* [What this task involves]:
Without changing a character, output all of the records.

---------- Records shown

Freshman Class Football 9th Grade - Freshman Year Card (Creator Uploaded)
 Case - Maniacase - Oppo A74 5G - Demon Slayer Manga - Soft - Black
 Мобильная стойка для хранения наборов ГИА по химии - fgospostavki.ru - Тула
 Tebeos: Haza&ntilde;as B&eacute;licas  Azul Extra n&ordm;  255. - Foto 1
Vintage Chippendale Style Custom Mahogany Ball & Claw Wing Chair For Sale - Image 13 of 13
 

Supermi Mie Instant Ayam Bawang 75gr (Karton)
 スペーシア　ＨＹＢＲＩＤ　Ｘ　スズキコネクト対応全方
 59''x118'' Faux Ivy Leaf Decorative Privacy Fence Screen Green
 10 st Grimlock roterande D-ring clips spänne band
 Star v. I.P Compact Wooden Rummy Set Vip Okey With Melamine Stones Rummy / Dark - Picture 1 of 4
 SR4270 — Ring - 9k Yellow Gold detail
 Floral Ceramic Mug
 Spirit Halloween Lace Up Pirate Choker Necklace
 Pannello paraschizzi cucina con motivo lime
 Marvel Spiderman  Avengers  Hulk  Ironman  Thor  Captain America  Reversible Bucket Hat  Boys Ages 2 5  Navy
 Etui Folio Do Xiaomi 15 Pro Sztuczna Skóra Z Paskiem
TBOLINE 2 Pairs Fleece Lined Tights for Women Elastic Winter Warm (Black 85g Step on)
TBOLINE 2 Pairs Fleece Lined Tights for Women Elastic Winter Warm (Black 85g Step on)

--------------------

* [Exercise response]:
Freshman Class Football 9th Grade - Freshman Year Card (Creator Uploaded)
 Case - Maniacase - Oppo A74 5G - Demon Slayer Manga - Soft - Black
 Мобильная стойка для хранения наборов ГИА по химии - fgospostavki.ru - Тула
 Tebeos: Haza&ntilde;as B&eacute;licas  Azul Extra n&ordm;  255. - Foto 1
Vintage Chippendale Style Custom Mahogany Ball & Claw Wing Chair For Sale - Image 13 of 13
 

Supermi Mie Instant Ayam Bawang 75gr (Karton)
 スペーシア　ＨＹＢＲＩＤ　Ｘ　スズキコネクト対応全方
 59''x118'' Faux Ivy Leaf Decorative Privacy Fence Screen Green
 10 st Grimlock roterande D-ring clips spänne band
 Star v. I.P Compact Wooden Rummy Set Vip Okey With Melamine Stones Rummy / Dark - Picture 1 of 4
 SR4270 — Ring - 9k Yellow Gold detail
 Floral Ceramic Mug
 Spirit Halloween Lace Up Pirate Choker Necklace
 Pannello paraschizzi cucina con motivo lime
 Marvel Spiderman  Avengers  Hulk  Ironman  Thor  Captain America  Reversible Bucket Hat  Boys Ages 2 5  Navy
 Etui Folio Do Xiaomi 15 Pro Sztuczna Skóra Z Paskiem
TBOLINE 2 Pairs Fleece Lined Tights for Women Elastic Winter Warm (Black 85g Step on)
TBOLINE 2 Pairs Fleece Lined Tights for Women Elastic Winter Warm (Black 85g Step on)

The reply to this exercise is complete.